Acutally it's close to everything. Earthworks are such sensitive and transparent mics that if your room blows - the mics blow, too.

Stay away from the soundhole. Forget trying to use two mics for right now. Don't use any EQ. Just use one mic for now and work with it. I'd suggest that you position a single SR71 about 18" away from your guitar pointed right around the 12th - 14th fret. Have the mic height exactly as high as the guitar neck so it's pointing right at the frets and the mic is perpendicular at a 90-degree angle to the neck. [ After that you might try turning the mic just a hair so it's slightly off-axis. ] Also when you record the guitar try rolling at around 100Hz on the playback track. That'll clear out that low-end mud.

Work with that. If you can't get a good sound try moving to a few different locations in the room with the same set up and recording. See if you get anything that sounds good.
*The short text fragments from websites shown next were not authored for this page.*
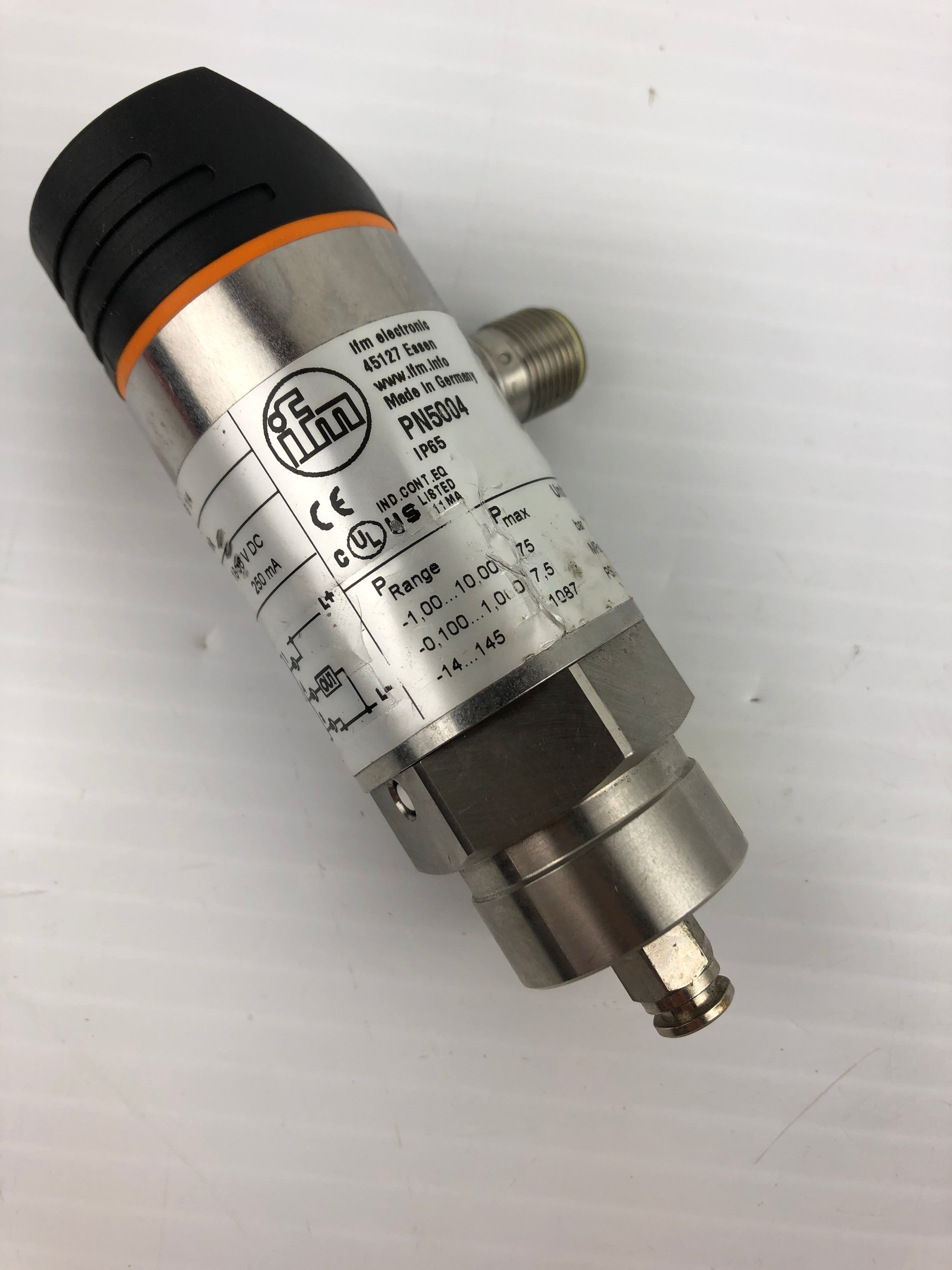 IFM PN5004 Electric Pressure Sensor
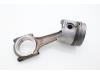 Connecting rod from a Peugeot Partner, 1996 / 2015 1.9D 4x4, Delivery, Diesel, 1.868cc, 51kW (69pk), 4x4, DW8B; WJY, 2004-04 / 2011-07 2007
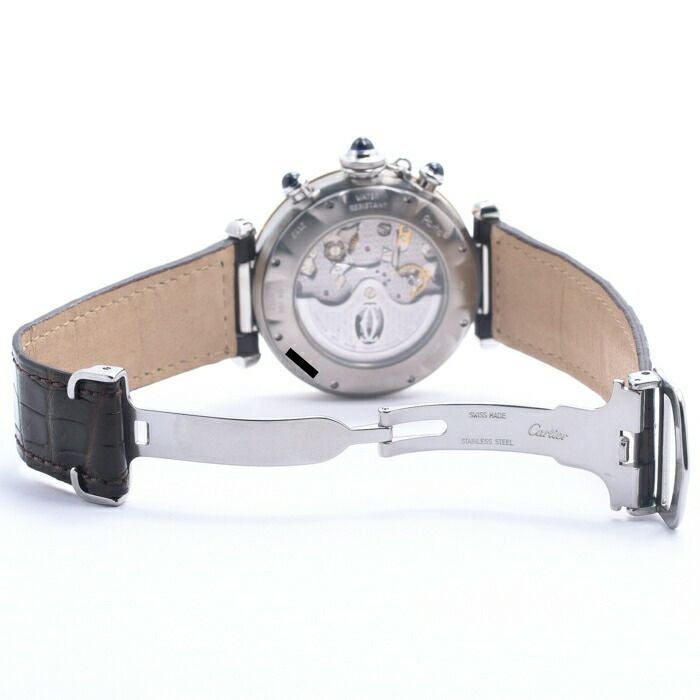 中古】CARTIER PASHA 38MM CHRONOGRAPH カルティエ パシャ 38MM クロノ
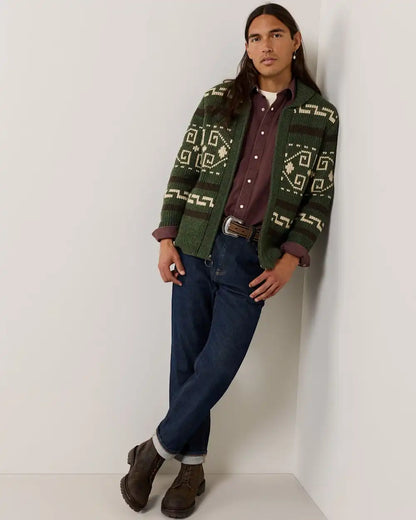 THE ORIGINAL WESTERLEY MEN'S SWEATER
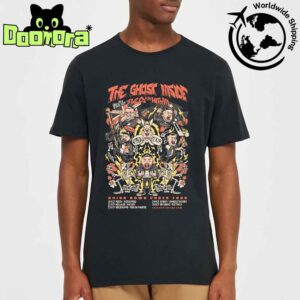 The Ghost Inside Going Down Under Tour Dates In Australian 2025 Fan Gifts Classic T-Shirt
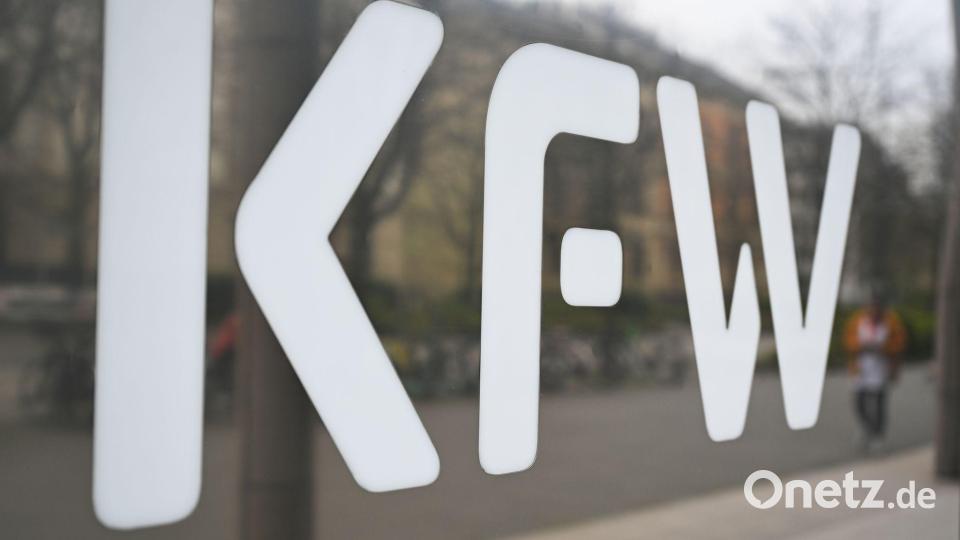 Die KfW organisiert im Auftrag des Staates die Auszahlung der Fördergelder. (Archivbild) Bild: Arne Dedert/dpa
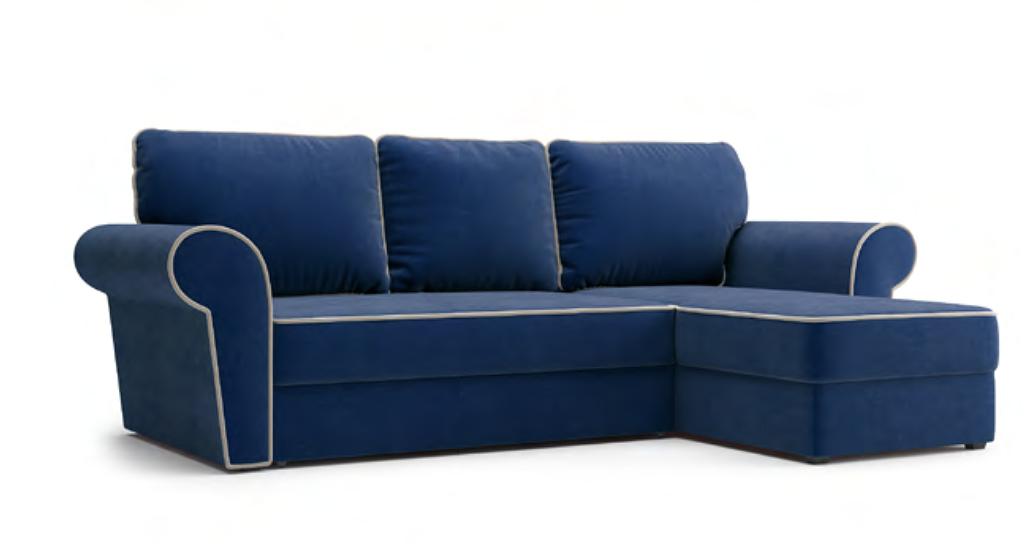 Диван Милфорд «Мебиор» угловой фото 1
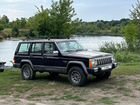 Jeep Cherokee 4.0 МТ, 1990, 195 000 км объявление продам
If not then you'll need to address the acoustics in your room. You might even just want to put up a couple blankets around just to get the sound at least a little under control.

You did get some good mics with the SR71's, but you also got some of the most difficult mics to worth with if you're not in a good-sounding space. Very unforgiving. You might get some decent results with a single SR71, but if you have a bad-sounding space using a pair of SR71's for stereo and getting a good sound is going to border somewhere around unlikely to impossible. A mic like the Peluso CEMC6 that I recommended to you last month is a much easier mic to work with. Keep working with the SR71's. There's a good sound in there somewhere. Just might take some work to find it.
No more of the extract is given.